Homan explained the need for these facilities in a recent interview with The Washington Post. “We’re going to need to construct family facilities,” he said. “How many beds we’re going to need will depend on what the data says.”
This move is part of Donald Trump’s promise to arrest, detain, and deport people living in the U.S. without legal documentation. The plan includes involving federal, state, and local law enforcement to carry out these actions in immigrant communities nationwide. Trump and Homan have emphasized that U.S.-born children of undocumented parents will not be exempt from these deportations.
“Here’s the issue,” Homan stated. “You knew you were in the country illegally and chose to have a child. So you put your family in that position.”
During Trump’s first term, Homan served as acting director of Immigration and Customs Enforcement (ICE), where he implemented the controversial “zero tolerance” policy. This policy led to the separation of more than 4,000 children from their families at the U.S.-Mexico border.
Homan has clarified that the decision to keep families together or separate them will ultimately rest with the deported parents. “I’m not looking to separate families at all. That’s not my goal,” he said. “My goal is to enforce the law. But if you put yourself in that position, it may happen.”
The administration’s proposed approach marks a shift from the Biden administration’s policies, which ended family detention in 2021 and closed several ICE-operated family detention centers. Federal law currently mandates that minors held in detention be released within 20 days, a guideline that the Trump team is likely to challenge as it develops plans to detain families in larger, tent-like structures.
Over 16.7 million people in the U.S. live with at least one undocumented family member, including approximately six million children under 18, according to the American Immigration Council. Deporting such a large number of individuals would require significant resources.

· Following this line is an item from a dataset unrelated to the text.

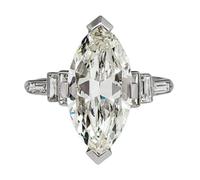 hsiyyecg Marquise Cut Baguette Cut Simulated Diamond Engagement Ring 14K White Gold Plated Anniversary Wedding Promise Ring for Women, US Code 7, White Gold, Diamond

Experts estimate the cost of a mass deportation program over 11 years to be at least $1 trillion.
Homan indicated that immigration arrests will primarily target individuals with criminal records, a priority for ICE under previous administrations as well. However, advocacy groups argue that most undocumented immigrants in the U.S. do not have criminal records and are otherwise law-abiding individuals who contribute to their communities and pay taxes.
ICE is also considering expanding detention facilities in at least six states, according to documents obtained by the ACLU. Private prison companies and contractors have already submitted proposals to support these expansions. “You cannot have mass deportations without a significant expansion of ICE detention capacity,” said Eunice Cho, a senior staff attorney with the ACLU National Prison Project.
Critics, including Cho, have condemned these plans as inhumane and costly. “Rather than permanently shutting down abusive detention facilities, the Biden administration is paving the way for President-elect Donald Trump to make good on his cruel and inhumane mass deportation proposals,” she stated.
Trump’s vision for immigration enforcement also includes nominating Kristi Noem as Homeland Security director and potentially deploying the National Guard to assist law enforcement. However, Homan clarified that the military’s role would not involve making arrests but supporting targeted operations.
While the Trump administration frames these efforts as a way to uphold the law, advocacy groups and legal experts argue that the proposed measures will cause widespread harm to immigrant families and communities.